Work required — Print the listing below verbatim, passing over each picture.

Information shown —

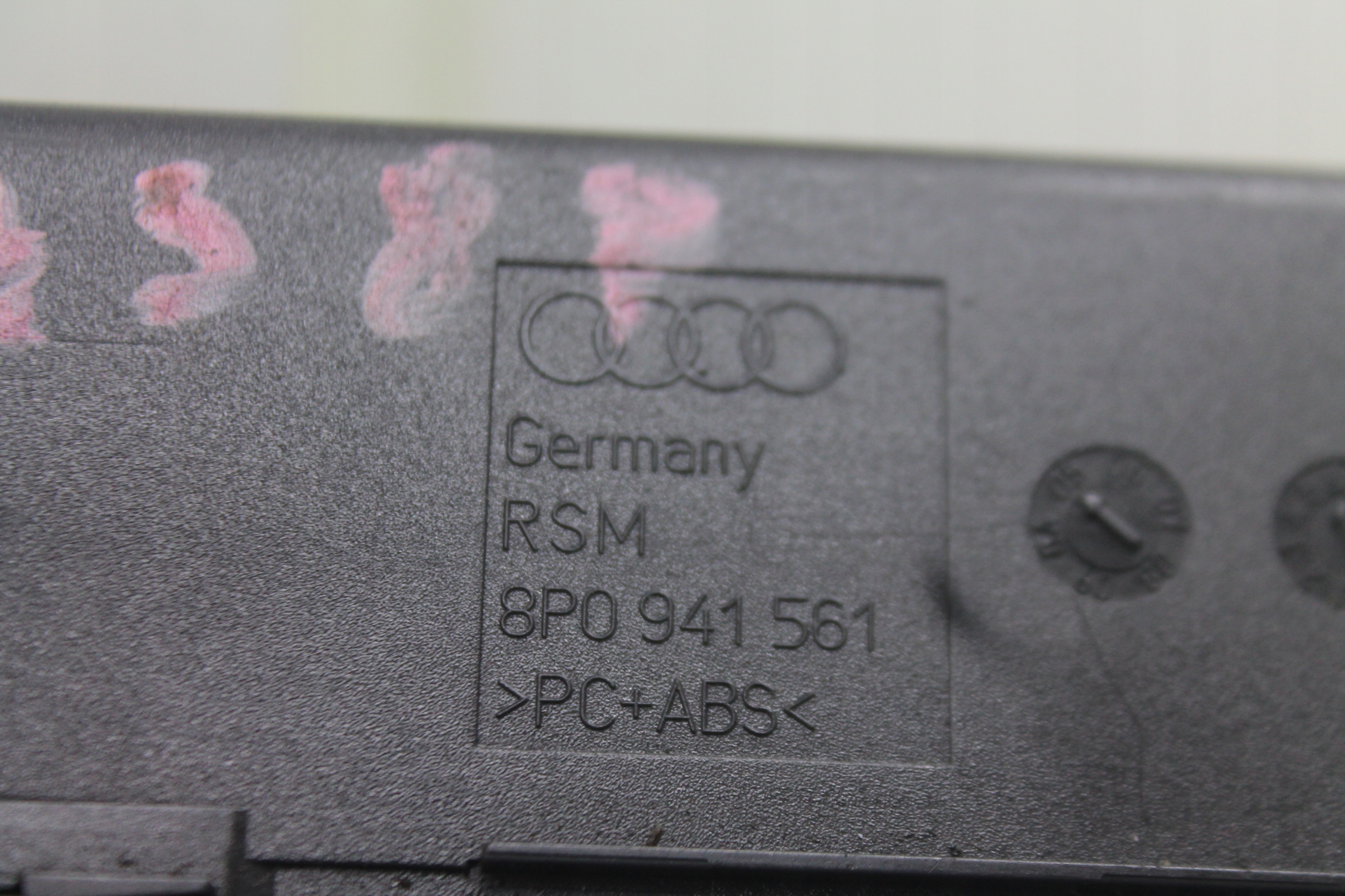 SZUFLADA Handschuhfach konsole mitte 8P0941561 AUDI A3 8P 03-13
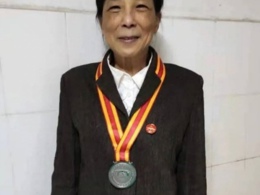 简晓丹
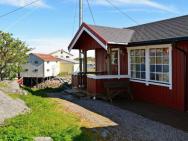 3 Person Holiday Home In Henningsv R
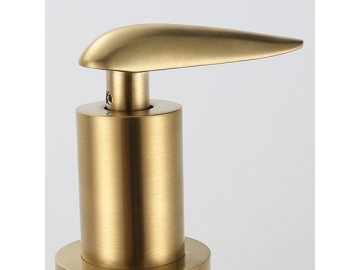 خلاط مغسلة بمظهر ذهبي مصقول ثلاث قطع SW-BFL002                     Brushed gold 3 holes widespread basin faucet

Result of this exercise —
 SZUFLADA Handschuhfach konsole mitte 8P0941561 AUDI A3 8P 03-13
 简晓丹
 3 Person Holiday Home In Henningsv R
 خلاط مغسلة بمظهر ذهبي مصقول ثلاث قطع SW-BFL002                     Brushed gold 3 holes widespread basin faucet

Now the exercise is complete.